Sem saudade da esculhambation

por Doris Dias

Quando escrevo para Aventura de Ler, costumo ocupar (sem grandes méritos, é verdade) a seção leitura, que atualmente está sendo melhor usada na divulgação das obras literárias que foram expostas de forma criativa no pavilhão brasileiro da Feira do Livro de Frankfurt – a maior do gênero no mundo.

Visitei a feira pela primeira vez e tudo que vi me trouxe insights que acho melhor comentar neste blog – mais apropriado para achismos despretensiosos que vou tentar não fazer descartáveis.  Minha autocrítica sobra da leitura de certas colunas semanais que nem sempre são ocupadas por informação relevante, mas por impressões mais ou menos interessáveis – como o texto do Daniel Galera sobre sua chegada ao mesmo evento, publicado no espaço que assina no jornal O Globo às segundas e que você pode ler aqui.

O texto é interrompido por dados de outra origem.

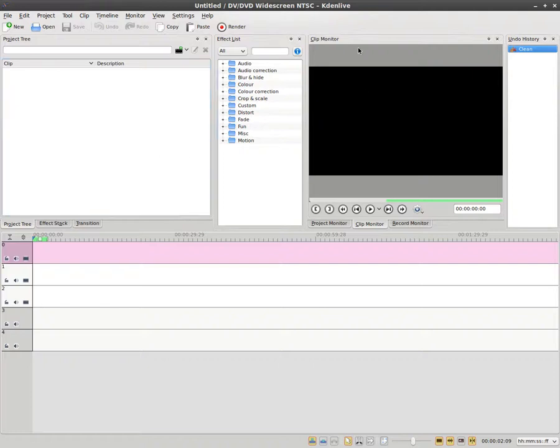I haven't really done any videos on Kdenlive video editing, although I think it's a great program. The reason I haven't really done any videos on it is because there's already plenty of videos out there.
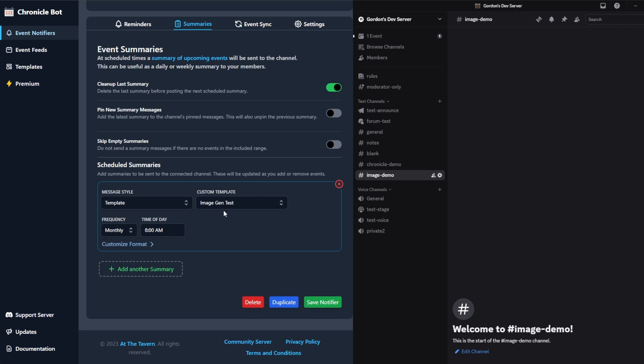What it will do is it'll schedule the image to be sent on the first of the month at whatever time you specify. The key for doing monthly is it will include everything from the first of the month till the last day of the month. If you use weekly or daily, you're only going to see the events for the next week filled out on the calendar, and then that week will just shift as things go on.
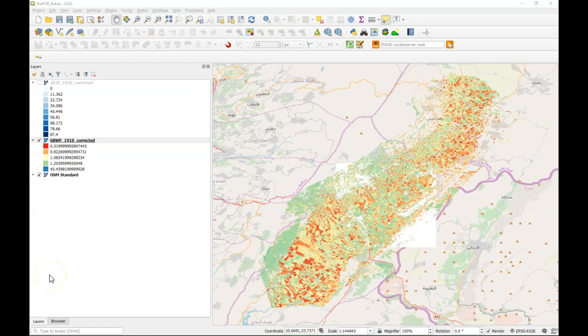Hello, this is Hans van der Quest, Senior Lecturer at IHE Delft Institute for Water Education. In this video I'm going to demonstrate how to use the WAPOR data from the FAO in an app for field surveying.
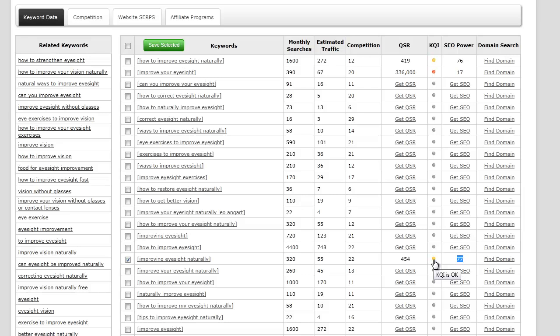Red represents that it's probably a really hard keyword to rank for, yellow means it's okay, and green means that it's really good to go for.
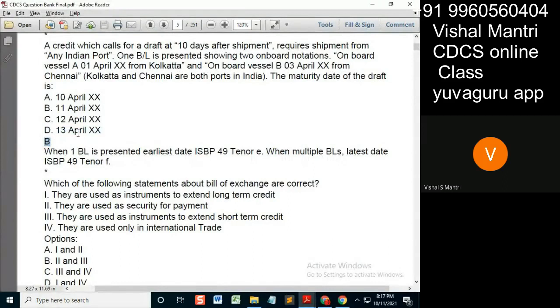It should be D13 difference. When it's not a partial shipment — even though partial or not, that's a separate case. Remember those three cases given in ISVP: A, B, and C.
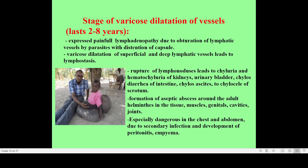Formation of ulcers is not very typical for the early stage but more typical for the later stage. Then chronic lymphatic insufficiency appears with trophic changes. Stage two — the stage of varicose dilatation of vessels — lasts from two to eight years, with expressed painful lymphadenopathy due to obstruction of lymphatic vessels by parasites.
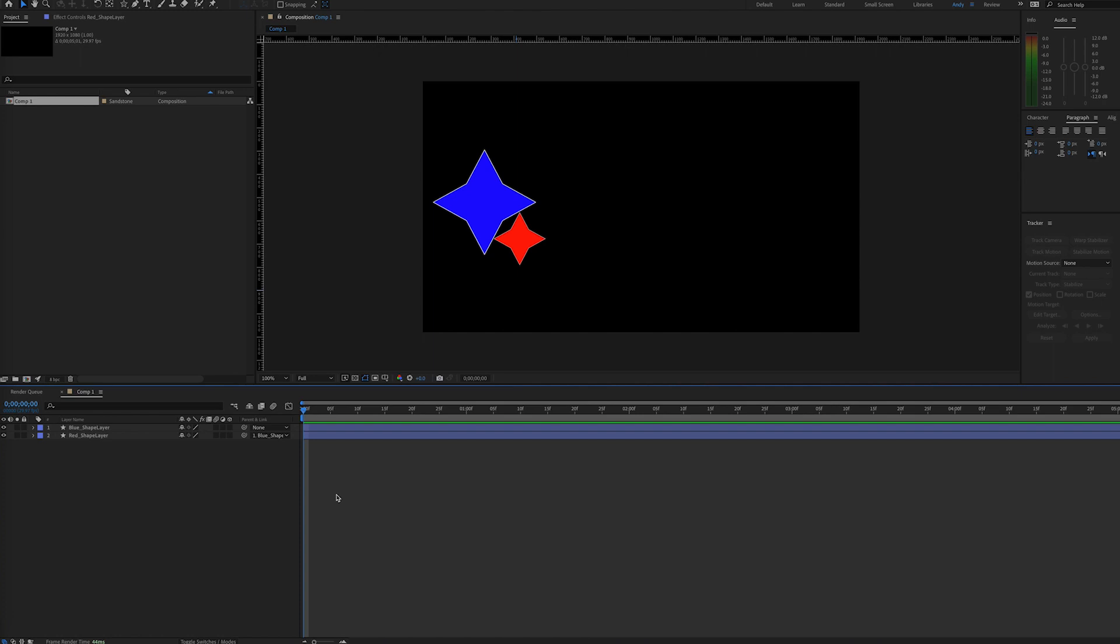When a layer is set to inherit properties from a parent layer, position, scale, and rotation movements of the parent layer affect the child layer.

Visão parcial do Pavilhão do Brasil na Feira do Livro de Frankfurt


Se já leu, posso dizer que a frase que mais me interessou foi a que comenta o silêncio assustador de Frankfurt.  Por que assustador?  Por que não estranho ou revelador? Lembro então do que aconteceu a uma amiga psicanalista que ao visitar Tóquio e se hospedar no mesmo hotel do filme Encontros e Desencontros, situado nos andares mais altos de um prédio de 233 metros de altura, abriu uma das janelas à prova de som do quarto e deparou-se com um silêncio incompatível com a cena ofuscante de uma das cidades mais movimentadas do planeta.  Achou que estava tendo uma crise de disritmia, com o ritmo do cérebro ralentando e provocando uma sensação que é das mais aflitivas (só perde para o ataque de pânico).  Pensou que havia algo de errado com ela quando o problema é inteiramente nosso.  Falamos muito e alto demais. Estamos acostumados a provocar barulho. Bastam dois pares de brasileiros num restaurante apinhado de alemães para que nenhum outro som seja ouvido. Não achamos bonito (sabemos que é resultado da nossa generalizada falta de civilidade), mas sentimos a ausência da nossa própria zoeira como se fosse uma pane em um de nossos sentidos.  Justo aquele que deveria ser melhor calibrado para dar espaço ao Outro.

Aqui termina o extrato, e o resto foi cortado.